Risky game of cat and mouse unfolds on live TV

THE hunt for the Washington area sniper has become perhaps the ultimate TV reality show.

Risky game of cat and mouse unfolds on live TV

Investigators are engaged in an extraordinary effort to communicate via live television with a killer whose face and name they don’t know.

But he knows them. He’s watching every day on television, investigators believe. It’s like playing poker with an executioner who is standing behind a one-way mirror.

Such communication is both rare and risky for police. Serial killers rarely communicate with police, and when they do, they are usually not looking to get caught. They are looking for headlines, for notoriety, for their place in history. It is a declaration of superiority, a catch-me-if-you-can taunt.

“He wants to get credit for the work he's done,” said Carl Klockars, a criminologist at the University of Delaware.

David Berkowitz, the ‘Son of Sam’ killer who fatally shot six people in New York in 1976-77, sent letters to police and the media. After he was caught, he told police he had revelled in the fame it brought him. Jack the Ripper, perhaps history’s most notorious serial killer, sent hundreds of boasting letters to Scotland Yard, deriding investigators as inept.

“I keep on hearing the police have caught me but they won’t fix me just yet,” he wrote. “I have laughed when they look so clever and talk about being on the right track. I am down on whores and I shant quit ripping them till I do get buckled.”

On Monday, Berkowitz, who is serving a life sentence in New York, sent a three-page commentary on the sniper shootings to Rita Cosby of Fox News. He suggested several theories and dismissed the field of criminal profiling as “practically useless”.
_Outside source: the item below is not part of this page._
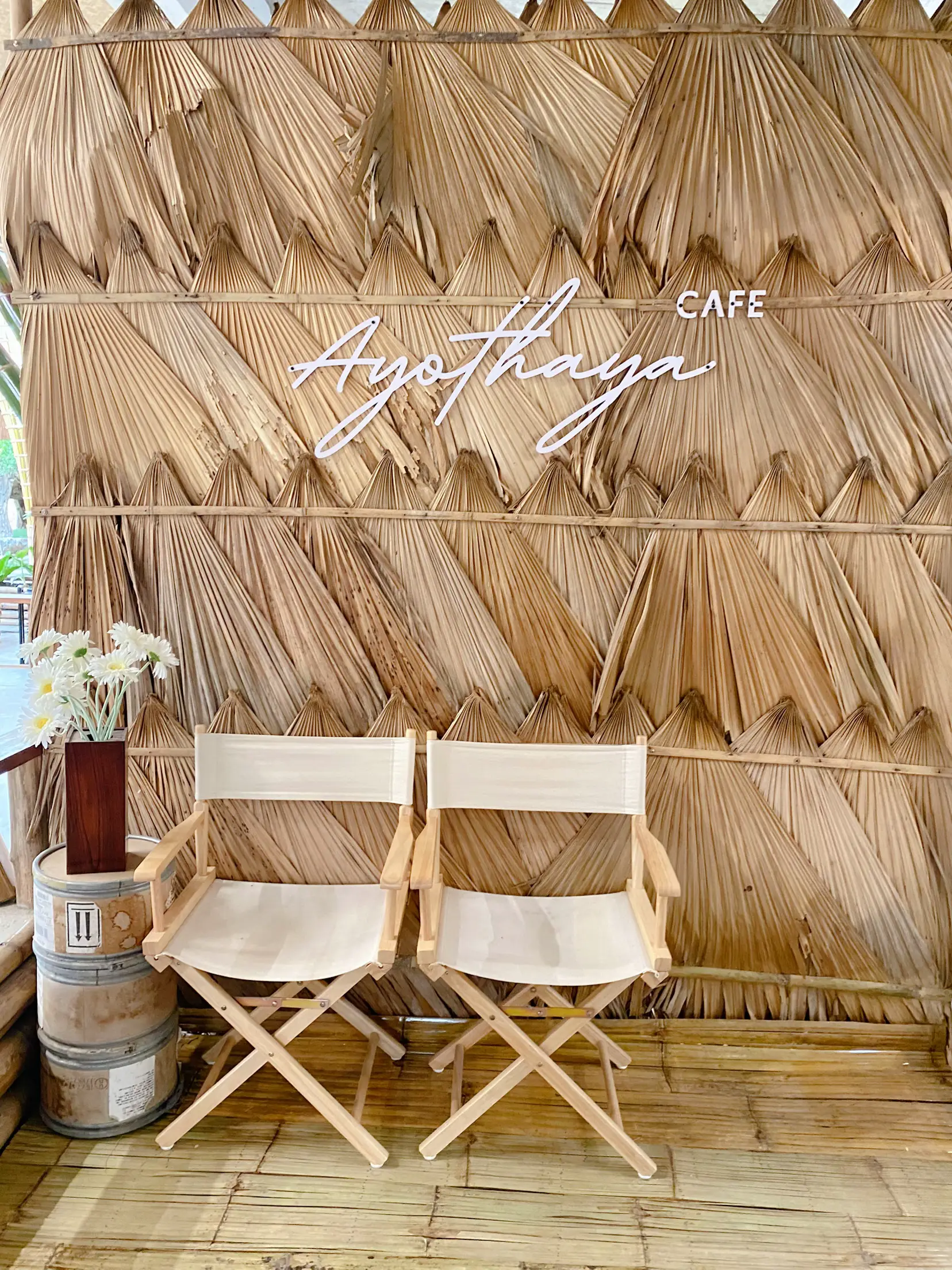 คาเฟ่ลับ ๆ ในตลาดน้ำอโยธยา ☕️🌿 “𝐀𝐲𝐨𝐭𝐡𝐚𝐲𝐚 𝐜𝐚𝐟𝐞” 🍰🍩 | แกลเลอรีที่โพสต์โดย ...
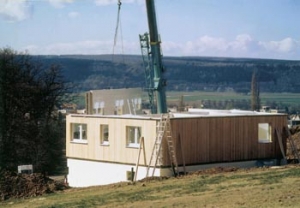Tradice dřevostaveb byla u nás historickým vývojem přerušena, i když snaha využívat dřevo pro stavby rodinných domů tady byla. Tradice dřevostaveb byla u nás historickým vývojem přerušena, i když snaha využívat dřevo pro stavby rodinných domů tady byla.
“It is odd though, but for more than a week now I feel that I have been feeling this person’s anger and rage towards law enforcement. From the beginning, this person, whether he is a lone gunman or a member of a terrorist group is not shooting at people because he has anything against them, but rather that his rage is directed at someone or something else,” Berkowitz wrote.

What’s unprecedented about the sniper case is the extraordinary effort investigators are making to talk to the sniper on live TV. The stakes are high, and the pressure on law enforcement is showing.
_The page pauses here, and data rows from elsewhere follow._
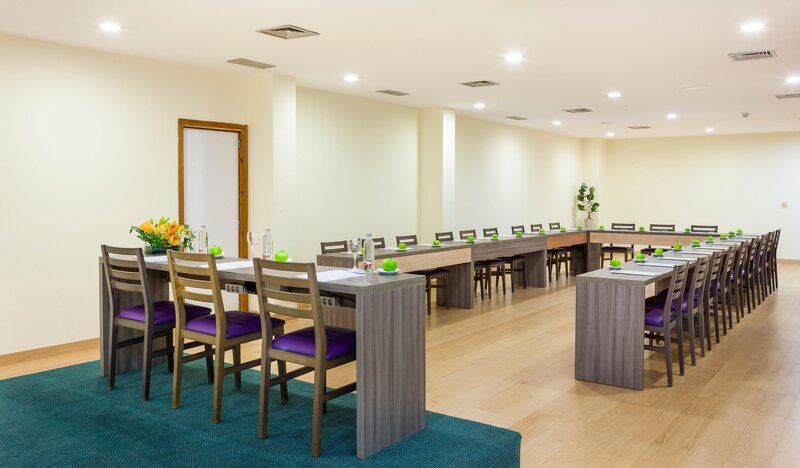 Hotel & Spa S'Entrador Playa  44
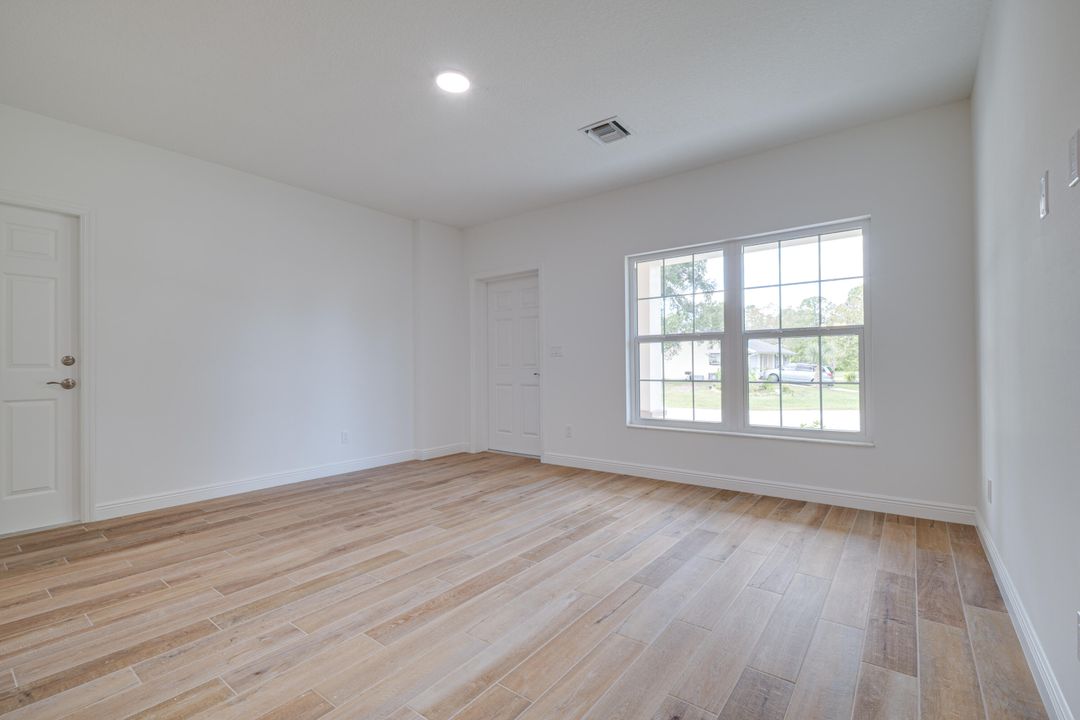 For Sale: $489,900 (4 beds, 3 baths, 1867 Square Feet)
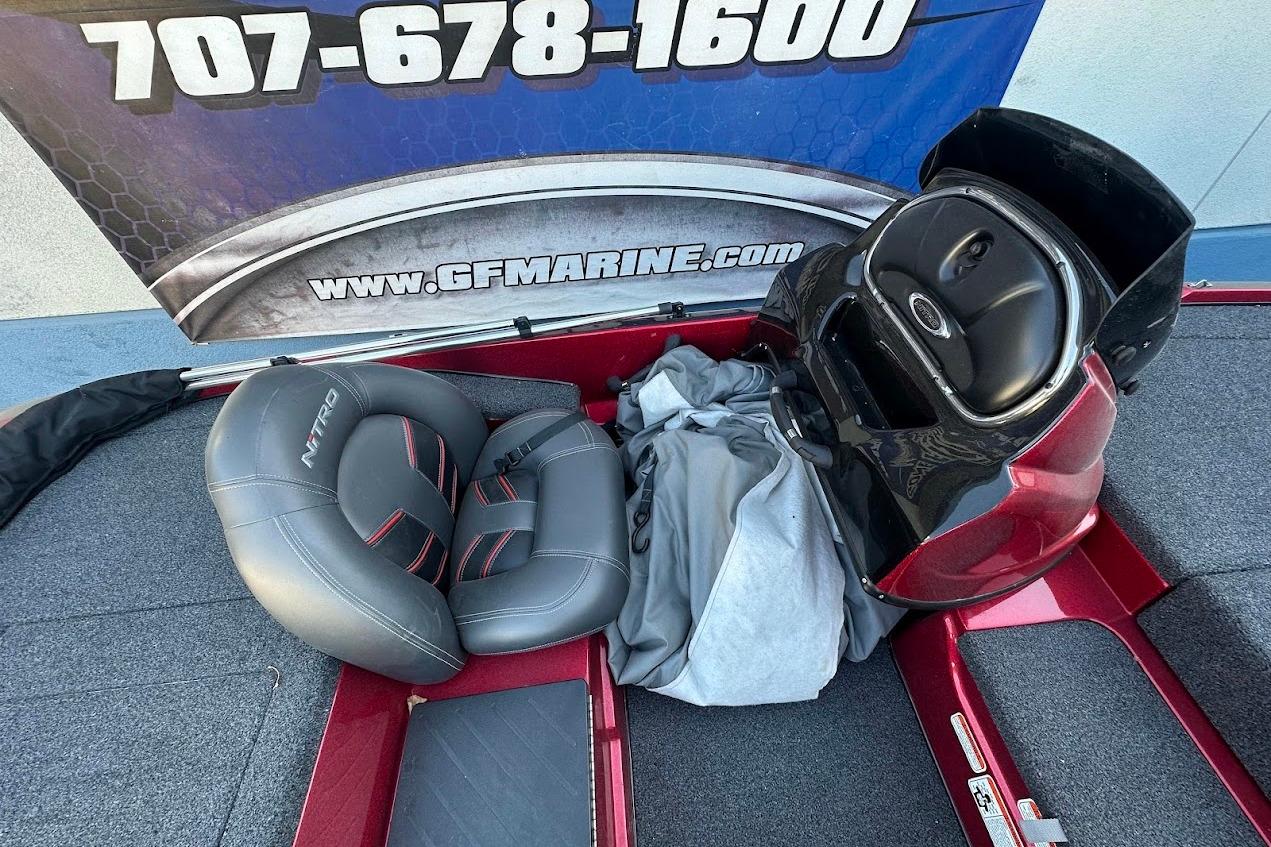 2024 Nitro Z17 boat interior with gray seats and red accents.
Montgomery County Police Chief Charles Moose’s recent public demeanour is a clear sign of how much the stakes have escalated in the days since a message, believed to be from the sniper, was found at the scene of the Saturday night shooting in Ashland, Virginia.

Gone are Moose’s rambling and emotional news briefings, during which he would rail against the media or speak mournfully of the shootings.

On Sunday night, when Moose delivered his first televised message to the sniper, he clearly had a new purpose. He was brief and to the point and gave a precisely worded statement that a spokesman later explained would be understood by the intended recipient: “You gave us a telephone number. We do want to talk to you. Call us at the number you provided,” Chief Moose said.

Investigators believe the killer phoned police directly but used a voice-disguising device. Chief Moose urged the sniper to “call back”.

“The person you called could not hear everything that you said. The audio was unclear, and we want to get it right. Call us back so that we can clearly understand,” Chief Moose said.

It was the third time in two days that Chief Moose has tried to communicate with the sniper blamed for killing nine people and wounding three others since October 2.

He first sought contact on Sunday after a handwritten note was found behind the restaurant where the latest sniper victim was shot on Saturday. That note “hinted at a demand for money” and threatened “more killing” law enforcement sources told CNN.

The sources said authorities were comparing the letter and the handwriting to a message on a tarot card found near a Maryland school where a 13-year-old boy was critically wounded on October 7. That message said,

“Dear Mr Policeman, I am God”.

The handwriting, at least initially, did not appear to match, the sources said.

Chief Moose’s plea for the sniper to call came hours after police descended on a white Plymouth van at a phone booth near Richmond, Virginia.

Police had staked out the booth after receiving the message believed to be from the sniper. Investigators said privately that they feared the developments with the white van (the occupants had nothing to do with the shootings) could hurt the negotiations.

“'This is a highly interactive process with the killer and the media and the public,” said Mike Rustigan, a criminologist at San Francisco State University. “He’s not giving us too much, yet he can’t shut down the media.”

One senior federal law enforcement official said that investigators had not ruled out the possibility of a second shooter and that there has been much discussion about the sniper’s timing in opening a dialogue.

“Is this a decision he just came to,” the official said, “or was this the plan all along?”

Establishing a dialogue with the sniper may offer investigators their best hope to catch him. Police have attempted to communicate with serial killers in the past but have not had much success.

Jack the Ripper was never caught. Nor was the ‘Zodiac’ killer, who terrorised the San Francisco Bay Area in the late 1960s and early 1970s and claimed to have killed 37 people. Zodiac wrote 21 letters to newspapers, providing details only the killer could have known and challenging police to find him.

Berkowitz bragged in one of his letters: “Please inform all the detectives working on the case that I wish them the best of luck. Keep ‘em digging, drive on, think positive, get off your butts, knock on coffins.” But the letters did not lead investigators to him. He was arrested because a parking ticket placed his car at the scene of his last murder.

There are exceptions. Theodore Kaczynski, the ‘Unabomber’, was caught when his 35,000-word manifesto, which he had sent to The Washington Post and The New York Times, was recognised by his brother, who turned him in.

Efforts to negotiate publicly are so uncommon that investigators are moving onto unpredictable ground.

“We simply don't have enough of these kind of offenders to draw any conclusions on what they might do,” said Sam Walker, a criminologist at the University of Nebraska. As investigators take the next steps toward dialogue, they’re very aware how unpredictable this undertaking is.

“When the message from the sniper was relayed Sunday night, many of the experts were saying, ‘This is the break we needed’,” said James Alan Fox, a criminologist at Northeastern University in Boston. “No, it’s not. This is him attempting to call the shots. It’s calculated to benefit him, not to benefit us.”